This feature explores the experiences of participants who are paired up on dates. Participants of all kinds, are set up on dates whether romantic or platonic, albeit anonymously. For the inaugural article, two participants were party to a dinner and coffee in Media last Saturday night.
Why the Quaker Matchbox?
Acacia: I have very few dating experiences and a lot of them have been bad, so it couldn’t really get worse. I’m mostly excited to get out of the bubble on a weekend and feel like a real, normal person.
Oak: I’ll be graduating pretty soon but I want to constantly meet people. It’s a positive thing for me to do.
Swarthmore’s Dating Scene
Acacia: There are a lot of undefined relationships and people don’t go for actual dates. In my recent history, I’ve been in undefined relationships and I think I’m done with them, basically. More definition is a good thing.
Oak: I’ve never had the experience of a “campus couple” but it’s the perfect environment for dating. People are smart and generally nice. Swarthmore, on both sides of the sexes, has a solid pool of people for relationships.
Acacia: Although there are great guys here, I think all of them are already taken or not straight.
Oak: Compared to other schools, the girls are below average but there’s still a pretty good amount of people who are attractive and not dumb.
Acacia: I’ve been on a date that was hijacked by a third wheeler so as long as it’s one-on-one…
Oak: I’m a man of low expectations. The only thing I’m trying to get out of this is a good time.
Acacia: He seemed like a nice guy. I really liked his style.
Oak: She was very tall. She sounded like she had a very international background but didn’t have an accent. That was surprising.

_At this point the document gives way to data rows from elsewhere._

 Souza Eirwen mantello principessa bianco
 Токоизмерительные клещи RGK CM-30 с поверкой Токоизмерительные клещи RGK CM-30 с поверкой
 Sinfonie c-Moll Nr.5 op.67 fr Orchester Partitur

Acacia: In Media we got dinner at Desert Rose and talked about different things. We have similar tastes in music and interests in art and had quite a lot to talk about.

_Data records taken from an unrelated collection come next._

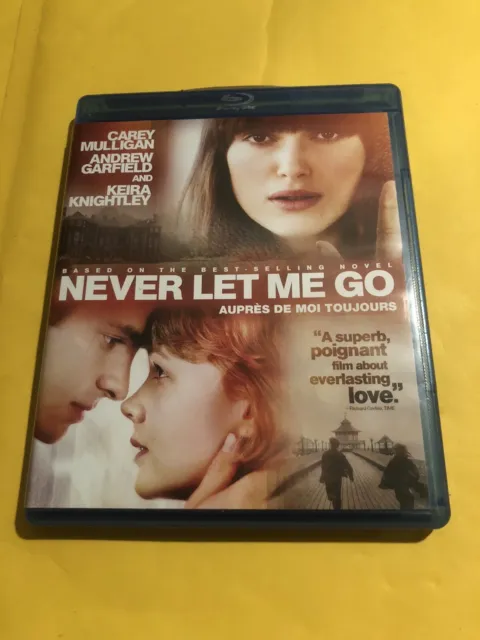 Never Let Me Go (Blu-ray Disc, 2011, Canadian French) Pre-owned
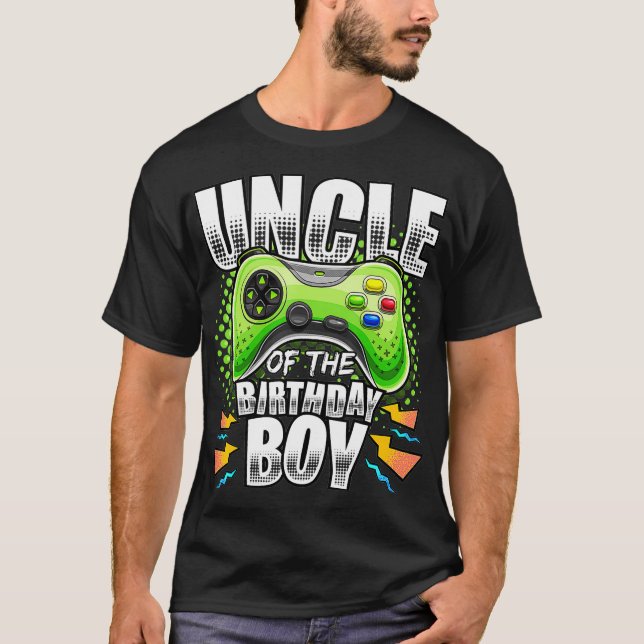 T-shirt Oncle of the Birthday Boy Matching Video Jeu Birt (Devant)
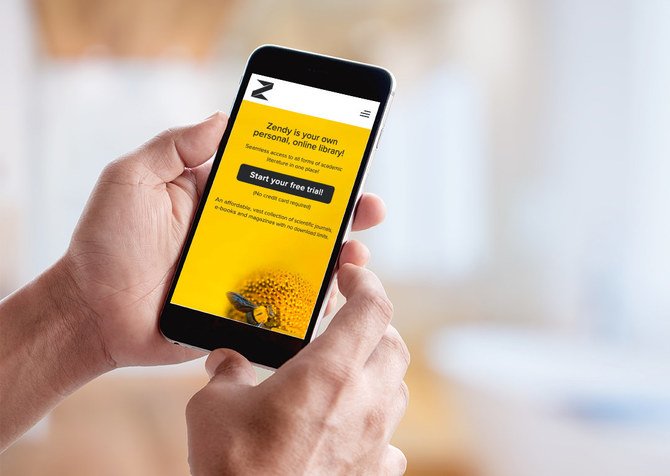 中東と北アフリカ全域からアクセス可能の広大なオンライン学術図書館を生み出すZendy。(提供)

Oak: The food was good. We talked about things like traveling.
Acacia: He suggested we go get a cup of coffee. We walked to a bank in a coffee shop but there was a person playing live music in front of a bunch of ATMs so we decided to pass on that. We went to a place down the street that had live music.
Oak: We went to a cafe, Seven Stones, and she had coffee and I had something uncaffeinated. We kept talking — mostly her asking questions, mostly me answering.
Acacia: Before catching the train we sprinted to Wawa and we almost missed the train. He wanted to get cigarettes. It was kind of fun. I was in heels. I don’t mind walking quickly. He walked me back to my dorm.
Oak: We got back with the 9PM train.
Acacia: He gave me a hug when we first met which was a good way to start off. I forgot to tip at the coffee shop and he got it. That was really nice.
Oak: I said to her that I’m a man from many places. But she’s the one from a lot more places than I am. Where she grew up and had been in the world was interesting. Her gender sexuality studies major stood out.
Acacia: I had a lot of fun and there was lots of laughing. If we had crossed paths, I definitely would have gone on a date with him. But I don’t know if it would have happened because I had to Cygnet him to see who he was before going on the date. Even if people think there is no one on campus, there are still people that, for whatever reason, you’ve never seen or run into.
Oak: Despite the fact I barely know her, it didn’t feel awkward at all. Meeting her in a new environment was definitely a positive thing.
Post-Date Prognosis of Swat Romances
Acacia: If people were more confident and up for having fun or predetermined notion of what they want, they could be dating.
Oak: A lot of people talk shit about Swarthmore and the food. Taking someone off campus would be a good idea. I’m not talking for myself, but I think there is a possibility for a real relationship to spur out of this thing.